Research Overview
In the last decade, both the U.S. and Chinese governments have spurred efforts to boost the utilization of transportation electrification technologies. For example, in China’s ‘The Twelfth Five-year Plan’, ‘Energy saving and new energy vehicles industry development plan (2012 – 2020)’, the production capacity of electric vehicles and plug-in hybrid electric vehicles is expected to reach 2 million per year, which is close to 10 percent of the current annual car sales.
This emerging demand because of unanticipated peaks and variability can pose a significant risk to the stability of the grid. For example, the U.S. has a generation capacity of approximately 1,000 GW. Assuming that each PEV has a storage capacity of 20KWh, with just a 10 percentadoption rate, the total energy stored in PEVs will be as much as 500GWh, a significant fraction of the current grid capacity. The problem is likely to become worse as adoption rates increase. According to one recent study by Bloomberg New Energy Finance, with big reductions in battery prices ahead, 35 percent of vehicles could be electric by 2040.
This project is aimed at turning the challenge into an opportunity by bringing together a team of researchers with expertise in algorithms for electronic commerce and for managing variable demand, distributed systems, and security/privacy. The key accomplishment will include laying the foundation for leadership in the area of a data-driven approach for models, algorithms, and mechanism design to incentivize users to charge vehicles at appropriate times and locations, leading to better load management, a more reliable grid, and even time and cost savings for end-users especially under high penetration of distributed renewable energy.
Furthermore, the research aims to make the mechanisms protect user privacy and be robust against manipulation or adversarial use. As a further opportunity, assuming the battery in vehicles (and in-home batteries like Tesla’s PowerWall permit) can potentially even become a distributed energy storage device for the utility in times of real high stress, with cash flow as incentive to end-users.

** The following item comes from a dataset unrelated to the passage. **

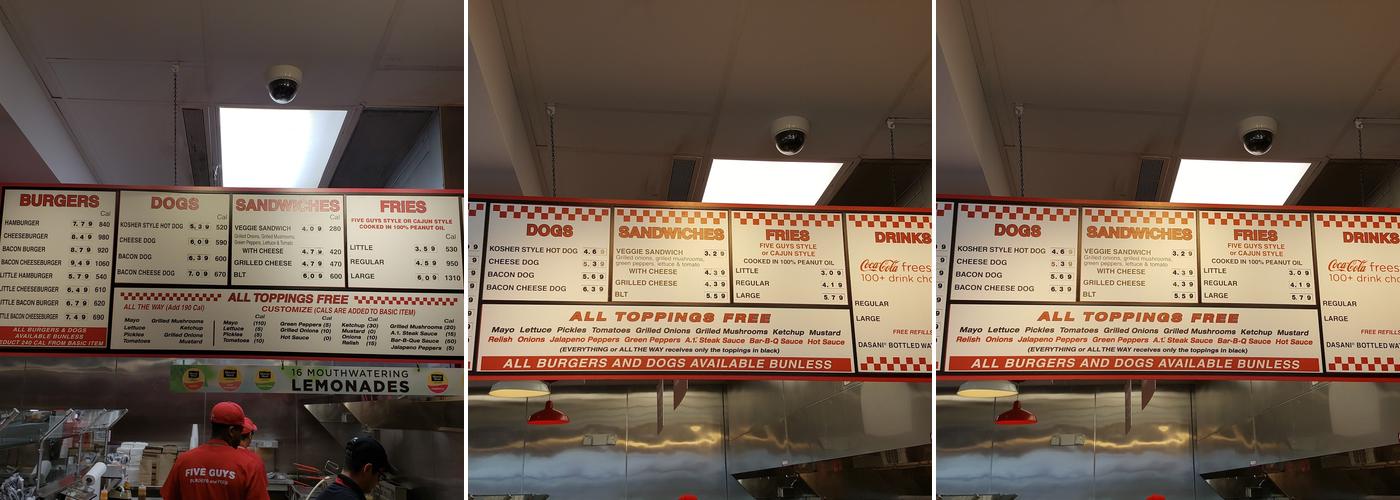 Five Guys Menu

Clearly, designing these mechanisms needs to factor in end-user’s driving and charging patterns, current and predictive grid load, and locations and charging rate of nearby charging devices.
The research objectives are as follows:
- Establish a multi-stage security-constrained framework to address uncertainties in EV behaviors; and maintain safety of the grid;
- Compile and preprocess available datasets from multiple sources related to EV charging and grid behaviors;
- Establish accurate statistical forecast models of EV charging and renewable energy generation
- Apply data mining techniques to the preprocessed datasets to help define charging models;
- Develop mechanism designs and algorithms to guide EVs’ charging/discharging behaviors under high penetration of renewable energy leveraging the model from the previous step. Ideally, mechanism should optimize the combination of perceived benefit to end-users (e.g., lower the weighted sum of charging costs, charging times, inconvenience due to unavailability of the car when it is charging), while ensuring the stability of the grid with a desired threshold of probability.
- Evaluate the mechanisms from the perspective of data that would need to be gathered and to the extent that the users’ privacy can be protected by anonymization or randomization;
- Implement a proof-of-concept testbed for evaluating the mechanisms and measuring their effectiveness.